# Task directions:
In the listing below, find the line with "KI-Tools im Vergleich: Wer" and the line with "daisyamazy amazeydazey Nude". Repeat those two lines and all lines between them exactly.

====== Records for this exercise

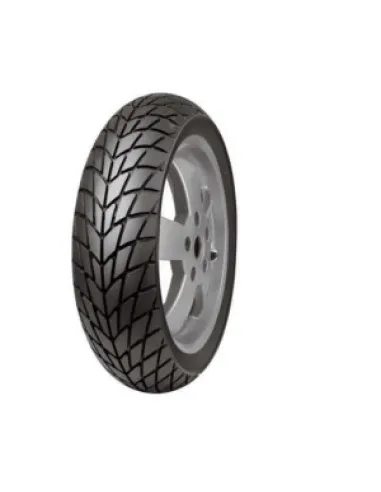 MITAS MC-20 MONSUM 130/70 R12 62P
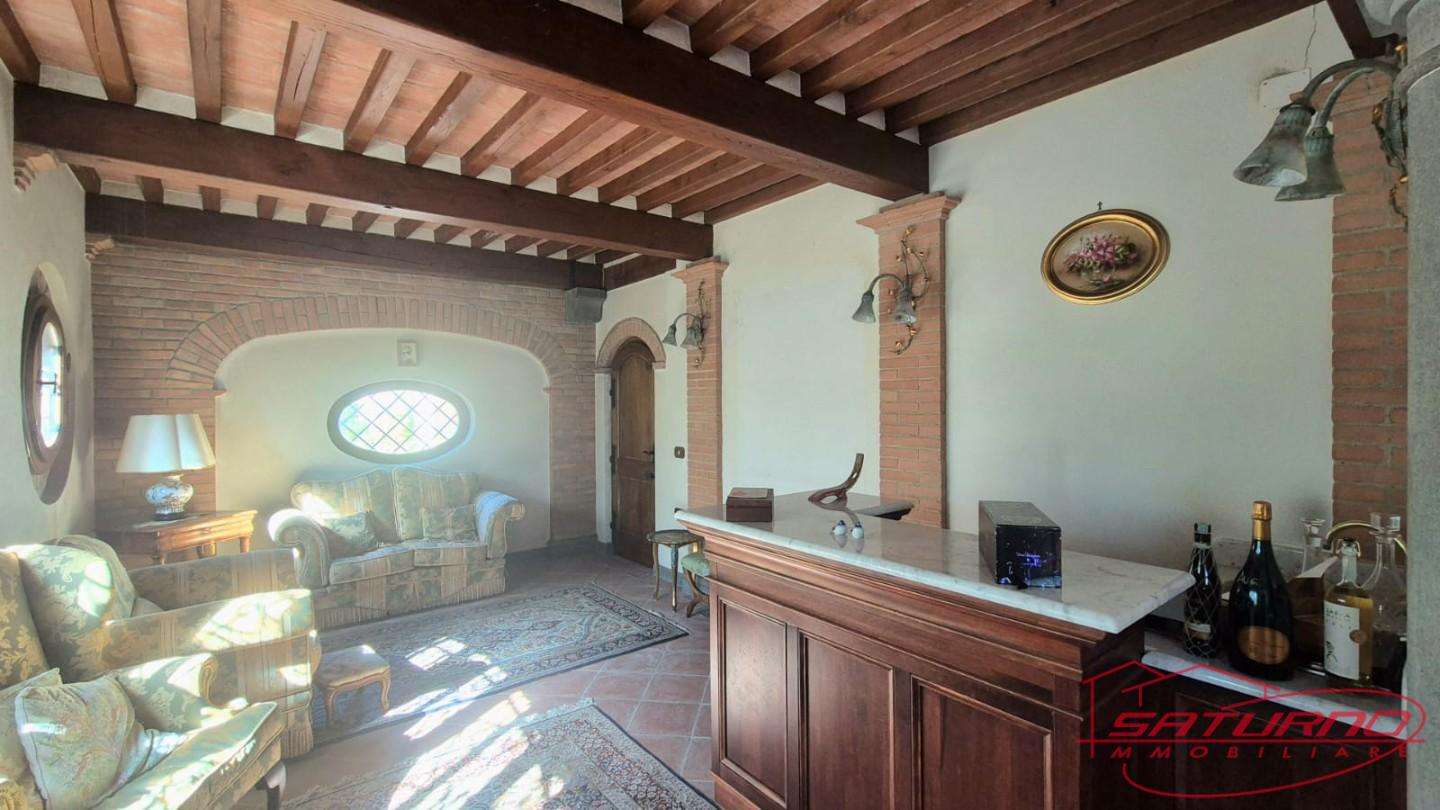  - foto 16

============
====== Records for this exercise

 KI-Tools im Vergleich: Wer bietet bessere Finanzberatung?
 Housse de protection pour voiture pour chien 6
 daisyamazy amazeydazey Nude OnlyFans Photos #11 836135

============

# Response area:
 KI-Tools im Vergleich: Wer bietet bessere Finanzberatung?
 Housse de protection pour voiture pour chien 6
 daisyamazy amazeydazey Nude OnlyFans Photos #11 836135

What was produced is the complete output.